# [YOUR INSTRUCTIONS]
The line that contains "Search for alaskan malamute stickers Animals" marks the start. Please set it down, with every later line of the data, exactly and without pictures.
+++
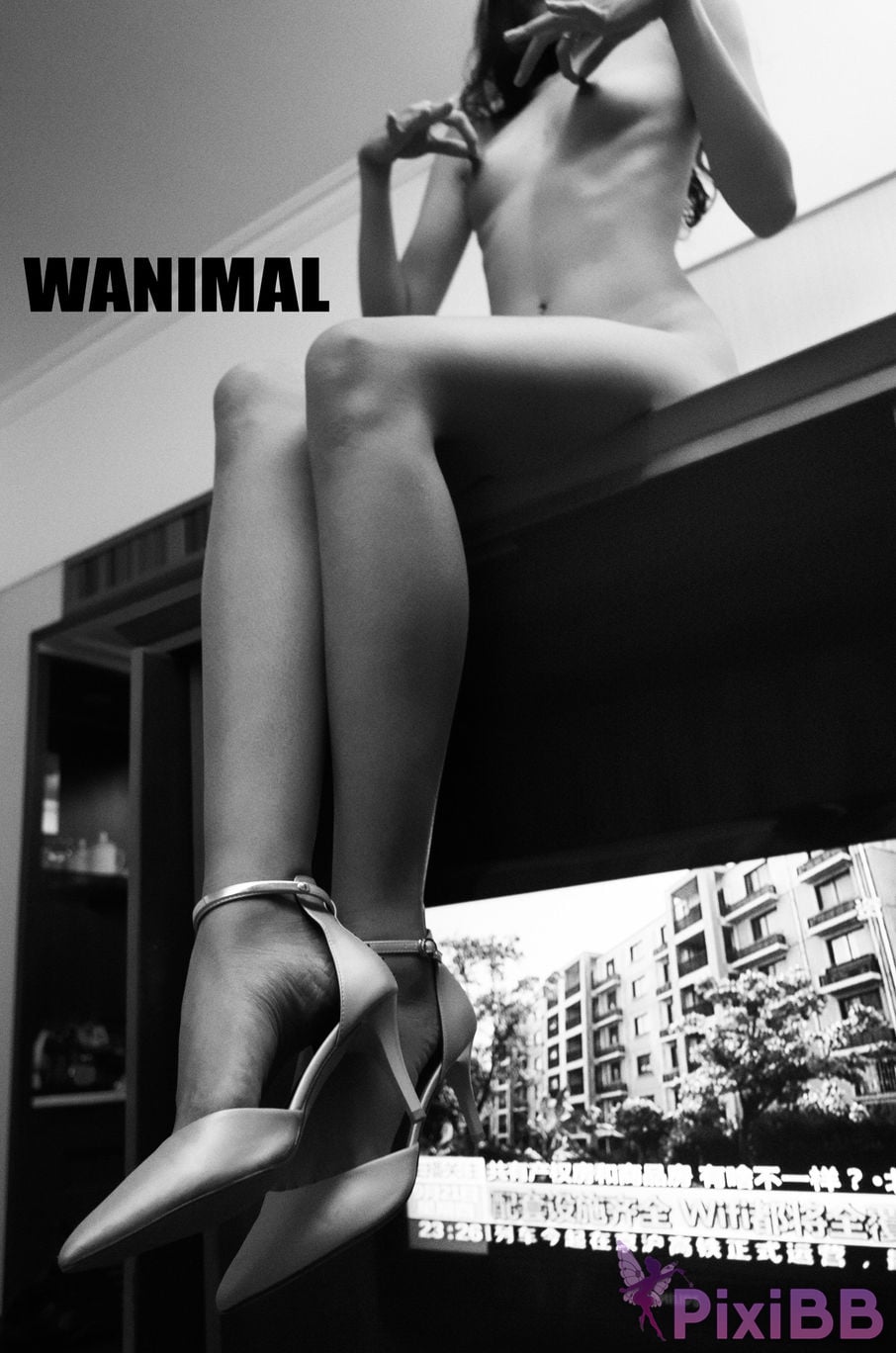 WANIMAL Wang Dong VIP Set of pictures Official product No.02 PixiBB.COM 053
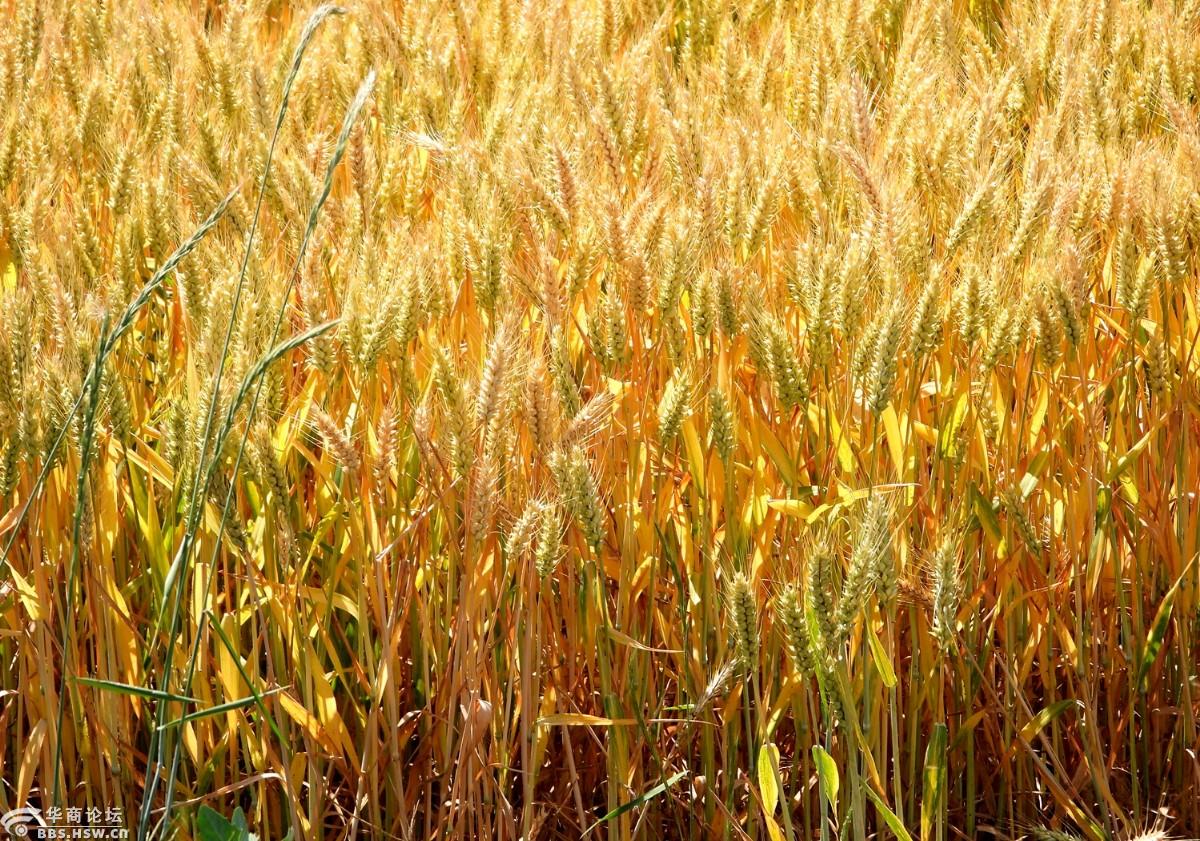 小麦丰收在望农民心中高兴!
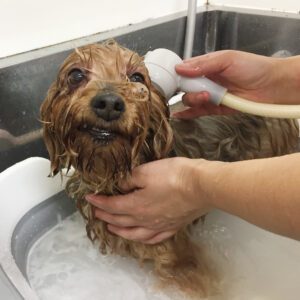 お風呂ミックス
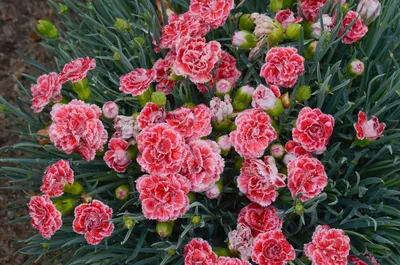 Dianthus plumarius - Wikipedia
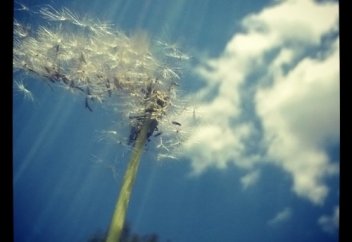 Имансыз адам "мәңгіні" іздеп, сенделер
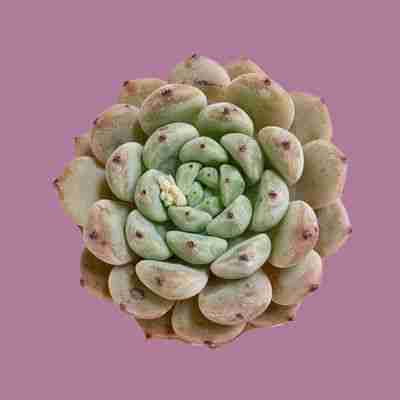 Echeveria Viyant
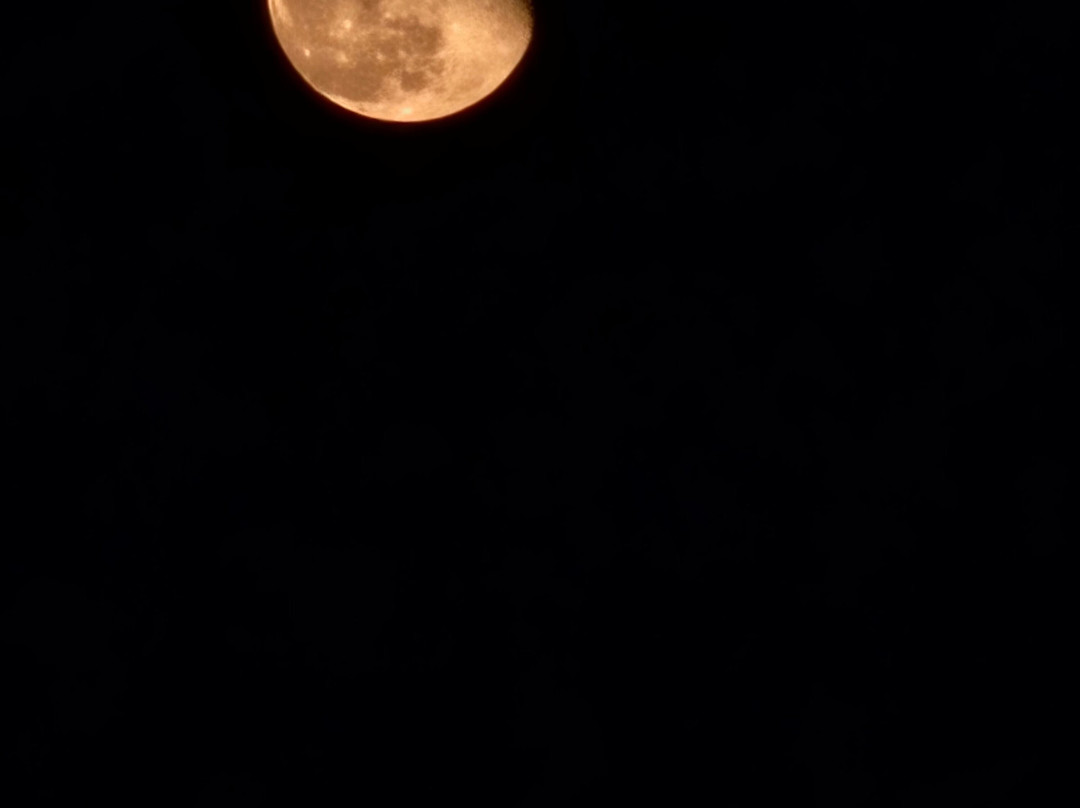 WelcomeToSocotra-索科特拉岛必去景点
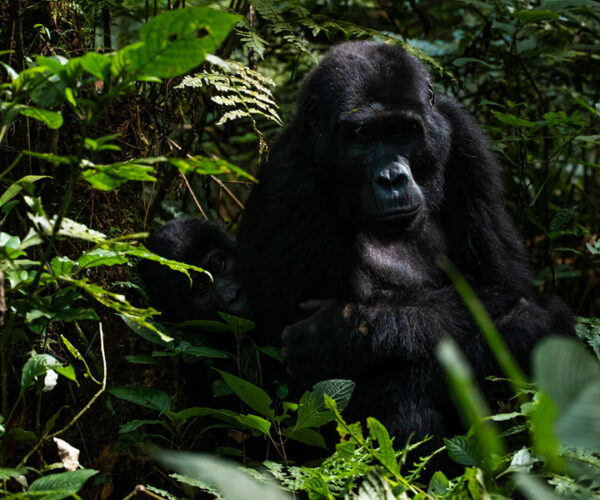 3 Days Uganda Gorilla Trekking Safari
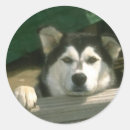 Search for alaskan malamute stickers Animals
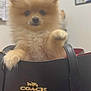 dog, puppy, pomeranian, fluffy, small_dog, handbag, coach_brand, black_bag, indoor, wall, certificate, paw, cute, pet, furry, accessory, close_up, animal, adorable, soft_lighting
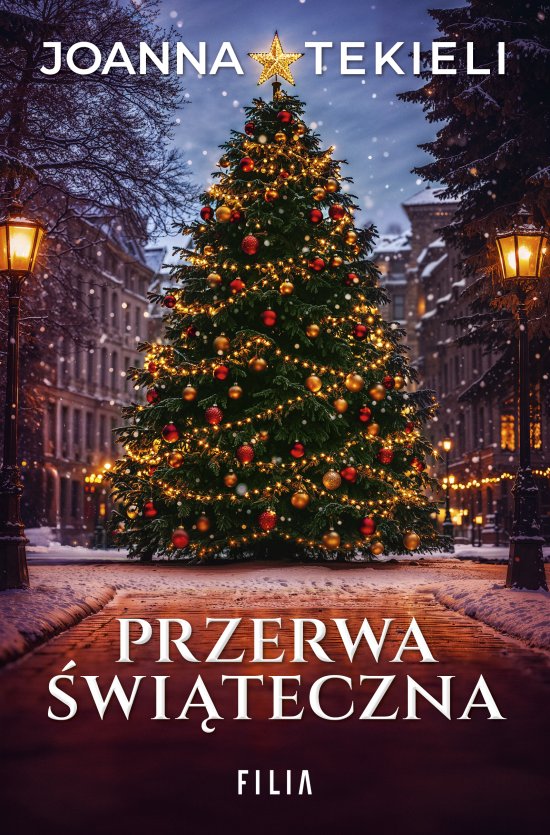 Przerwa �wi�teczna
+++
# [TASK RESPONSE]
 Search for alaskan malamute stickers Animals
 dog, puppy, pomeranian, fluffy, small_dog, handbag, coach_brand, black_bag, indoor, wall, certificate, paw, cute, pet, furry, accessory, close_up, animal, adorable, soft_lighting
 Przerwa �wi�teczna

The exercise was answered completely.